Today’s FT reports that migrant workers sent back more than $62.3bn to their families in
Latin America and the Caribbean last year, a rise of 14 per cent on
2005. For the fourth successive year migrants’ remittances will exceed the
combined flows of foreign direct investment and overseas aid into the
region.
Mexico
(with a total of $23bn), Brazil ($7bn) and Colombia ($4bn) receive most
remittances, but the flows are especially beneficial for the poorer and
more marginal countries of Central America and the Caribbean, where
they account for more than 10 per cent of GDP in many cases.
Don
Terry, head of the Multilateral Investment Fund, the IDB agency that
monitors the flows, argues that as 8m-10m families “would be below the
poverty line” without the remittances.
However, a clampdown by US
migration officials on illegal immigrants could be contributing to a
sharp slowdown in growth, Mr Terry claimed.

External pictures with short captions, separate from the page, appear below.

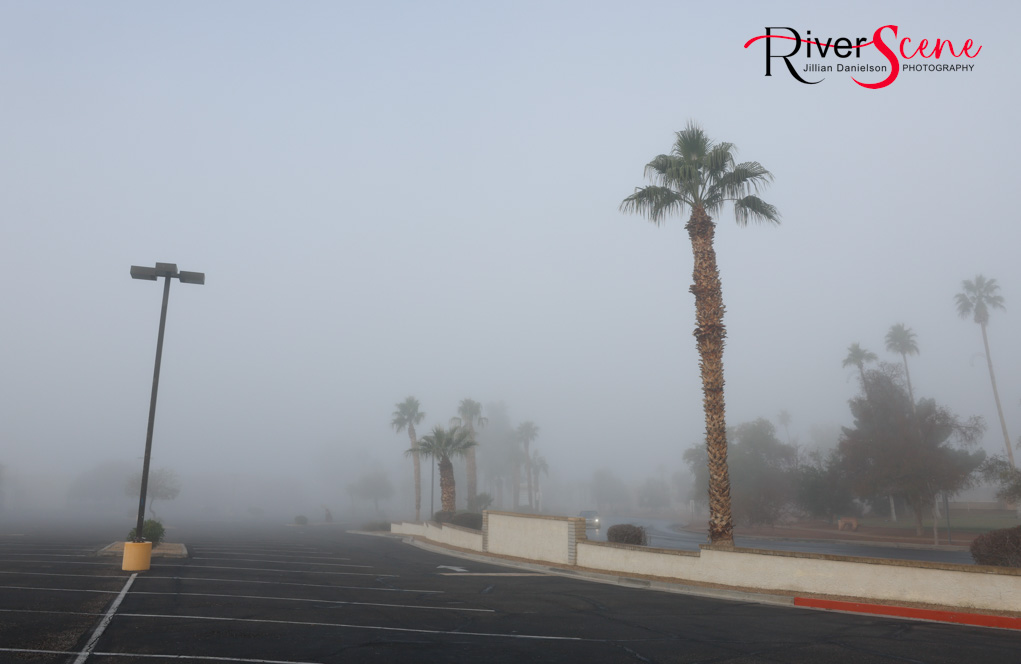 London Bridge Lake Havasu Fog RiverScene Magazine Jillian Danielson Photography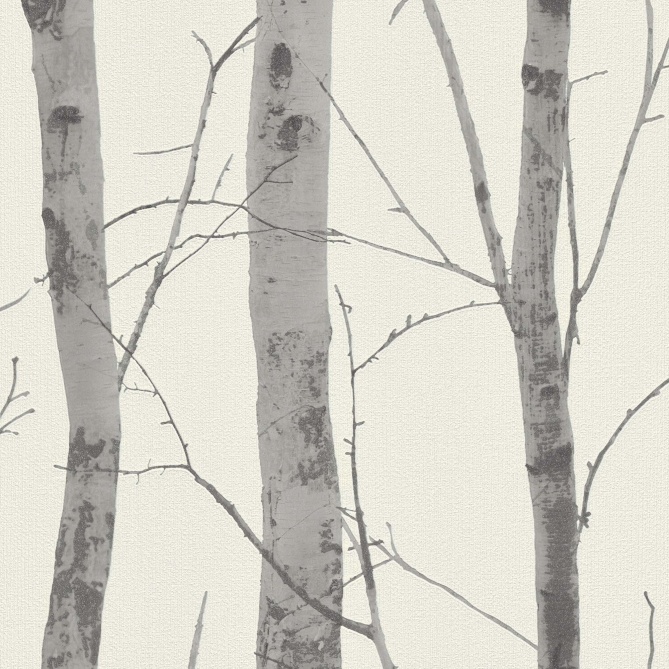 TRONCO ABEDUL 03 - 1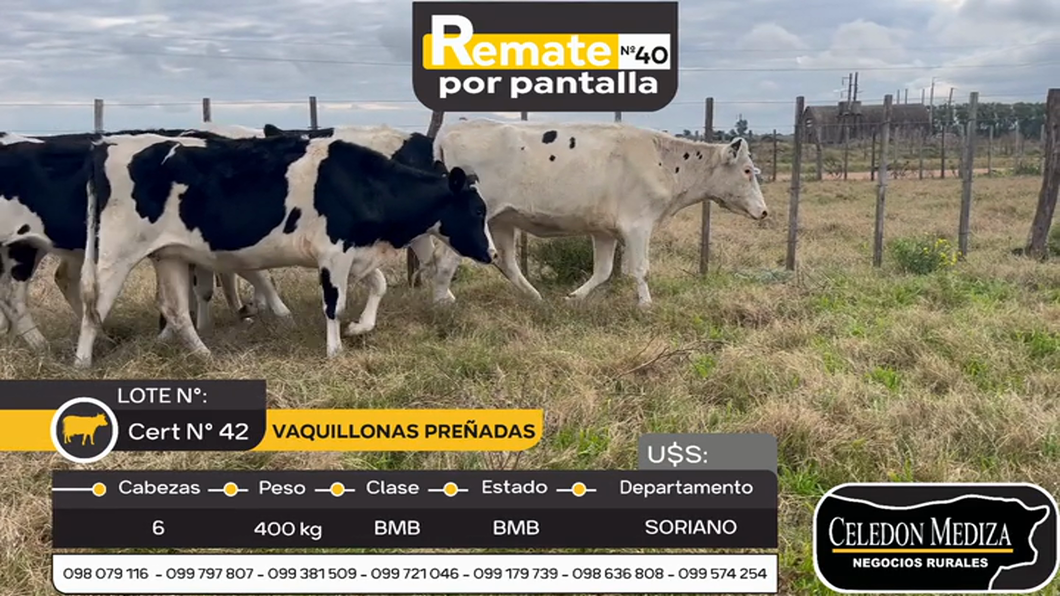 Lote 42 Vaquillonas preñadas en Agraciada, Soriano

Fearful of showing up at money transfer agencies or
banks, immigrants could be choosing to send money back through family
members and friends.
The good news, then, is that migrants’ true contribution to their home countries is far greater than the $62.3bn figure for officiai remittances. The bad news is that they are being forced to send back money in risky and costly unofficial ways. In short, the benefits of remittances are understated, but they could be even greater.